Ведь тогда, летом 1942-го, мы не просто отступали, а бежали, хотя на некоторых участках отдельные части оказывали немцам ожесточённое сопротивление. Во всяком случае, пресловутый призыв «За Родину, за Сталина!» я впервые услышал по радио только лет через двадцать после окончания войны.
Война для меня заканчивалась дважды. Первый раз – в разбитом, разрушенном Белграде. С танками на улицах, с переправой, югославскими партизанами и кричащими на подчинённых нашими генералами, где боеприпасы перевозили на подручных плавсредствах и чуть ли не на собственных спинах.
В декабре 1944 года нас вывели из Югославии в Подмосковье, в Фили, получать и осваивать новую технику – бомбардировщики Ту-2. Там мы и встретили капитуляцию Германии. Наш полк должен был участвовать в параде победы. Как и всем участникам этого события, нам вручили медали «За победу над Германией» с удостоверениями не в коричневой, а в ярко-красной обложке. Однако в день парада авиацию в воздух так и не подняли. Официально объявили, что из-за нелётной погоды, а между собой шёпотом говорили, что Сталин просто боится, что кто-нибудь из лётчиков сведёт с ним старые счёты и спикирует на мавзолей.
Потом нас почти сразу перебросили на Дальний Восток. Лететь на новую войну не хотелось, тем более, что никто не ожидал, что она продлится всего три недели. Настроение – хуже некуда, в частях были случаи «самострела».

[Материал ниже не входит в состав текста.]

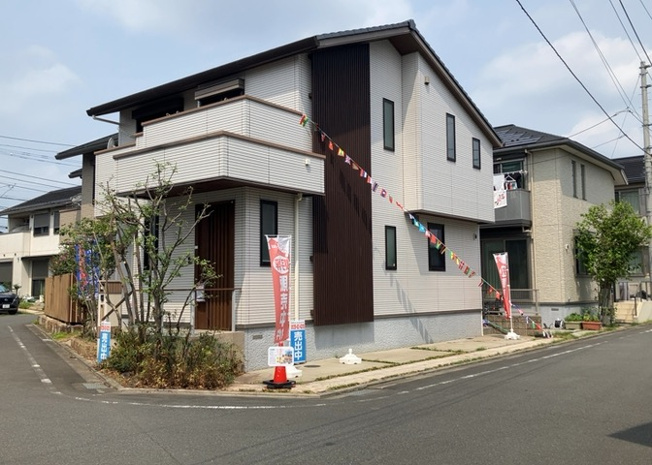 【前面道路含む現地写真】 | 住宅用の土地では前面道路に2m以上接していなければならないと法律で定められています。しかし、お持ちの車のサイズやライフスタイルなどにより、2mでは利便が悪い場合もございますので、事前に確認しましょう。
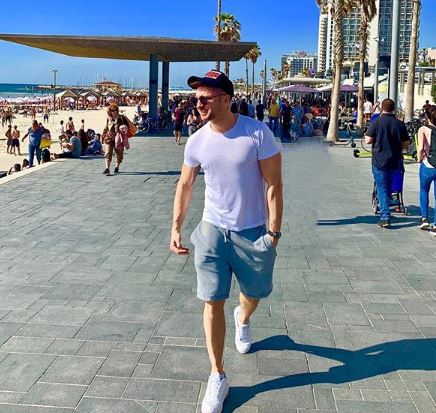 Eurovision participants enjoying the warm weather in Tel Aviv ...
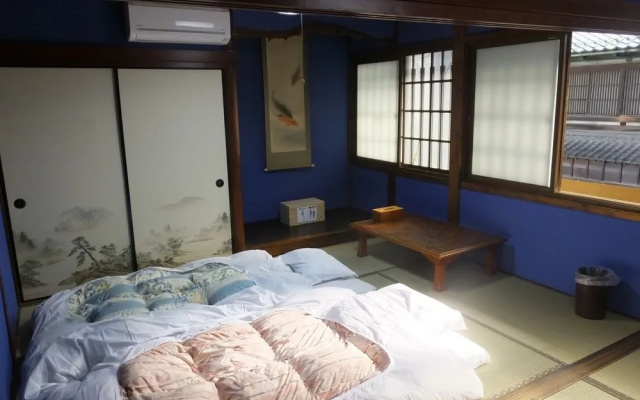 Guesthouse Mikkaichi - Hostel – Guest Rooms – Komatsu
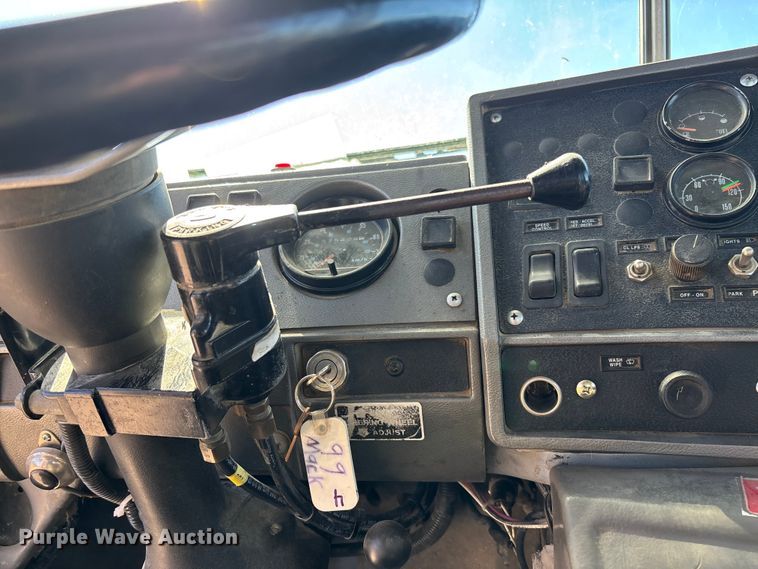 image for item FB3073 1999 Mack RD688S roll-off container truck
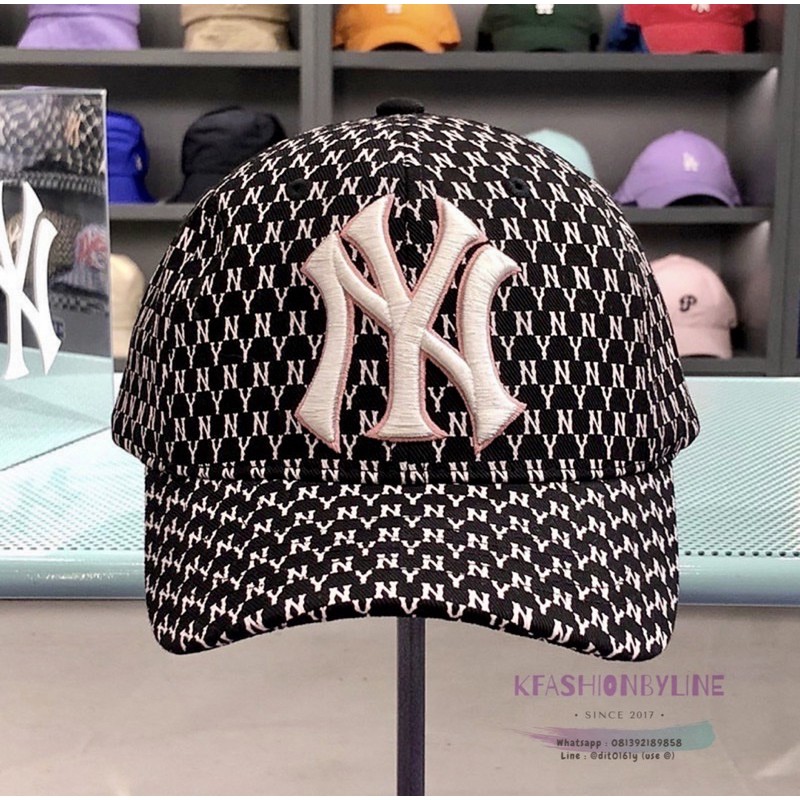 MLB Monogram Structure Ball Cap New York Yankees - Pink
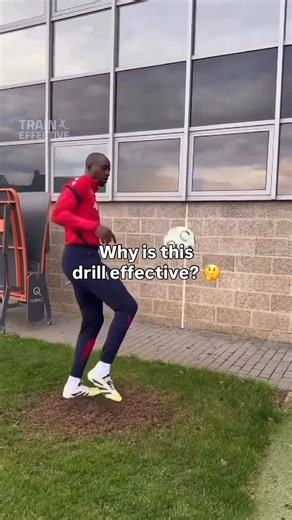 Train Effective | Soccer Tips | Crystal Palace’s Jean Phillipe Mateta training with wall passes 👀 But why? 🤔 Wall passing is such an easy and yet effective way to... | Instagram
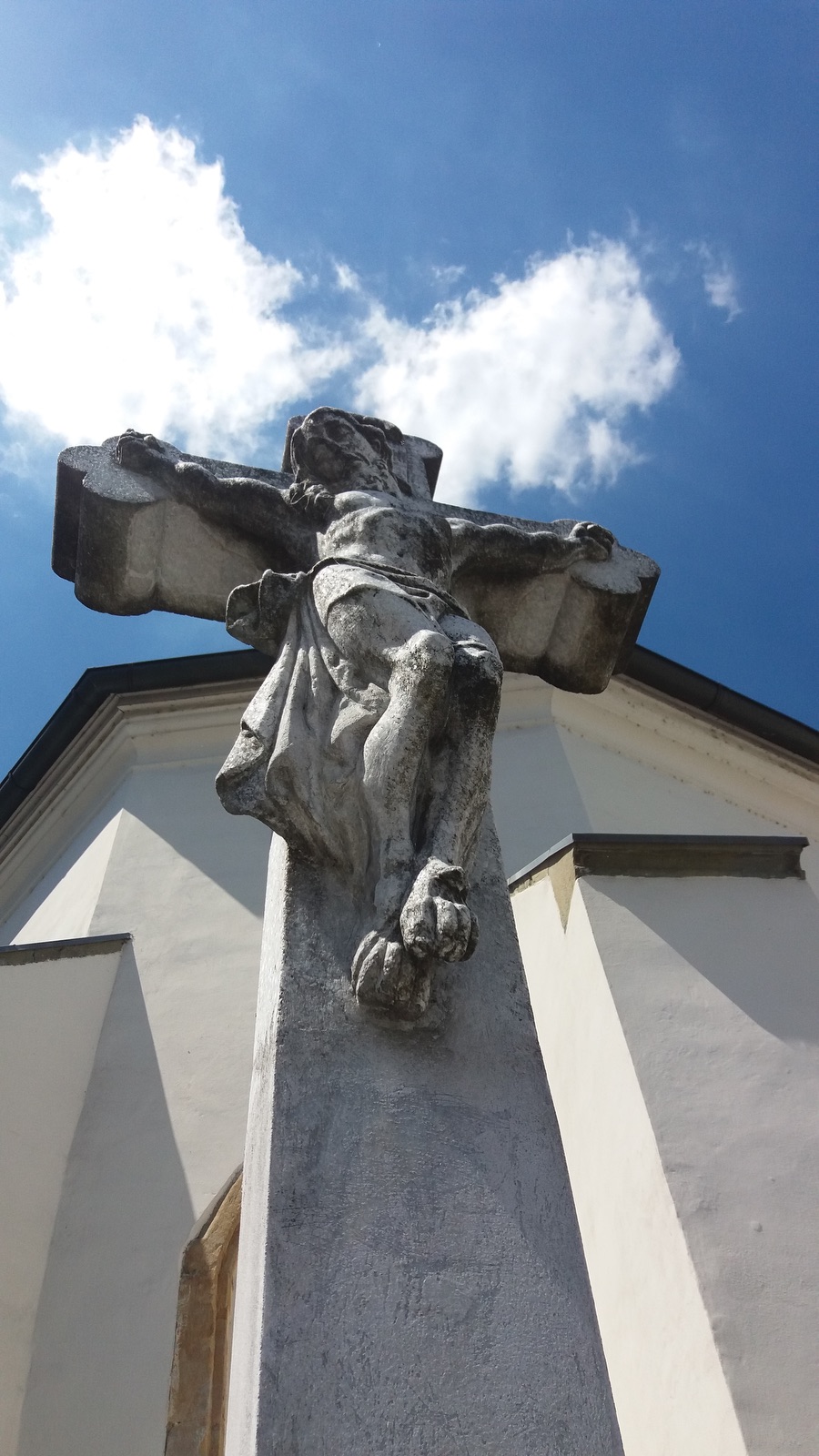 Mramorový krucifix z roku 1872 (Fryštát, před Moravskou kaplí ŘKF kostela)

Второй раз я возвращался с войны в конце марта 1947 года, когда уезжал из Китая. Я не знал, что уезжаю навсегда. Из-за плохой погоды лететь было невозможно, но удалось договориться с друзьями-моряками из Порт-Артура, что они меня отправят во Владивосток на пароходе «Украина» в каюте третьего штурмана. Это был транспорт испанской постройки примерно в пятнадцать тысяч тонн.